- **About this task**
The data below holds a line containing "Women's Elegant Tulle" and a line containing "Glarry GV103 4/4"; please quote exactly those two lines and every line between them, and nothing else.

- **Available data**

========

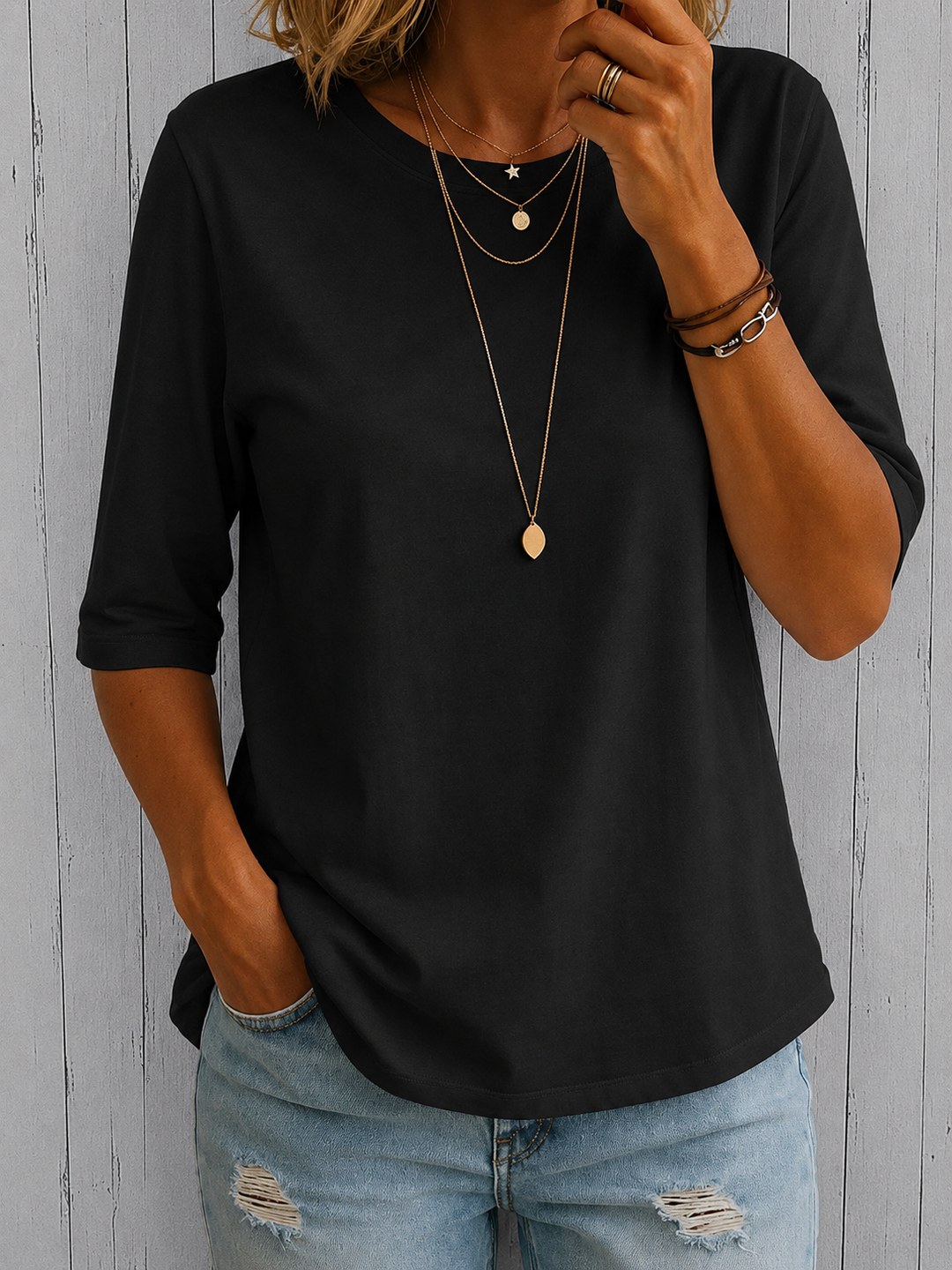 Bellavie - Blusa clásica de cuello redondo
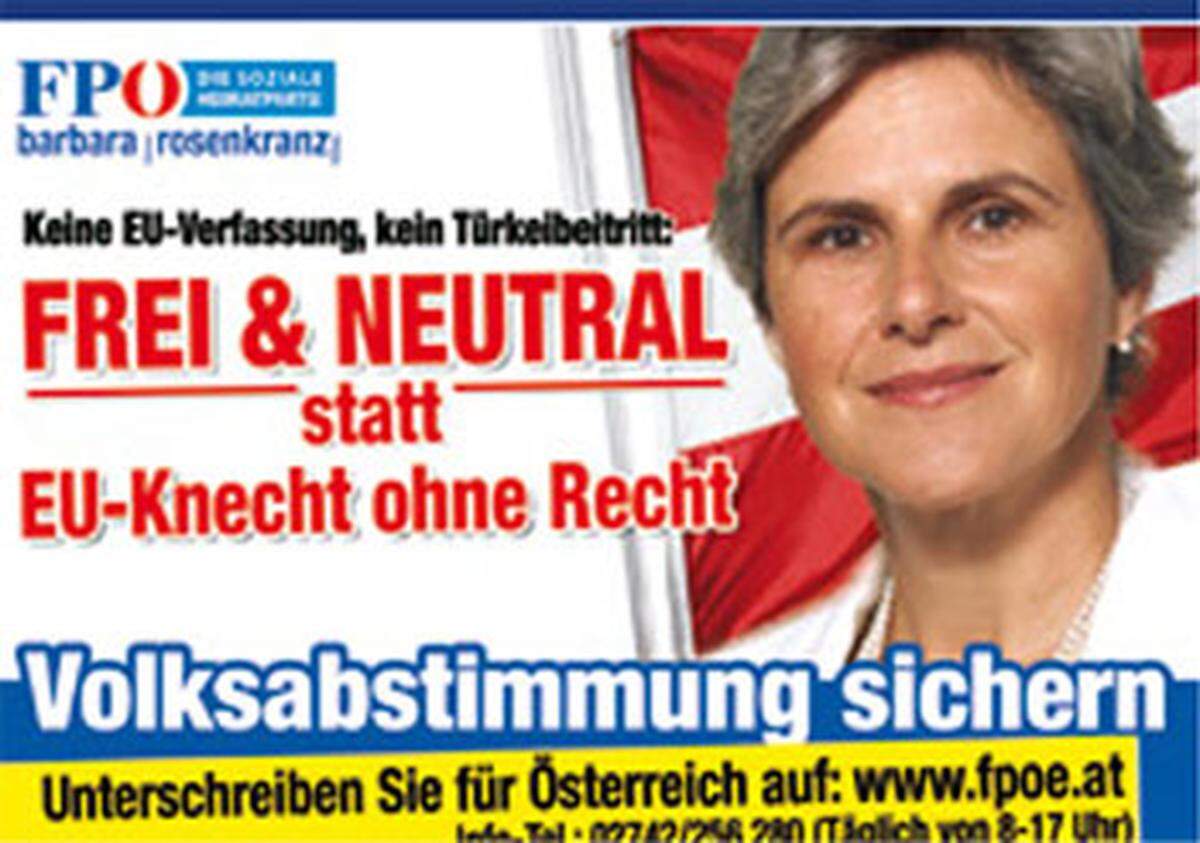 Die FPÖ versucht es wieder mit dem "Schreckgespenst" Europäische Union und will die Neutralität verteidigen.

========

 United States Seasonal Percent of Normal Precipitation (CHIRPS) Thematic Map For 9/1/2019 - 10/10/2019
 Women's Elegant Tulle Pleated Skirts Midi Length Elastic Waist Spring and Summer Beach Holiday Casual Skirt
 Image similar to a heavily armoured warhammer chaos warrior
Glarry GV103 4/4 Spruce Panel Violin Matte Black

========

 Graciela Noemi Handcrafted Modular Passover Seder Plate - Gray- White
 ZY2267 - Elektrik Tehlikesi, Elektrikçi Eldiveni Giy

========

- **Response area**
 Women's Elegant Tulle Pleated Skirts Midi Length Elastic Waist Spring and Summer Beach Holiday Casual Skirt
 Image similar to a heavily armoured warhammer chaos warrior
Glarry GV103 4/4 Spruce Panel Violin Matte Black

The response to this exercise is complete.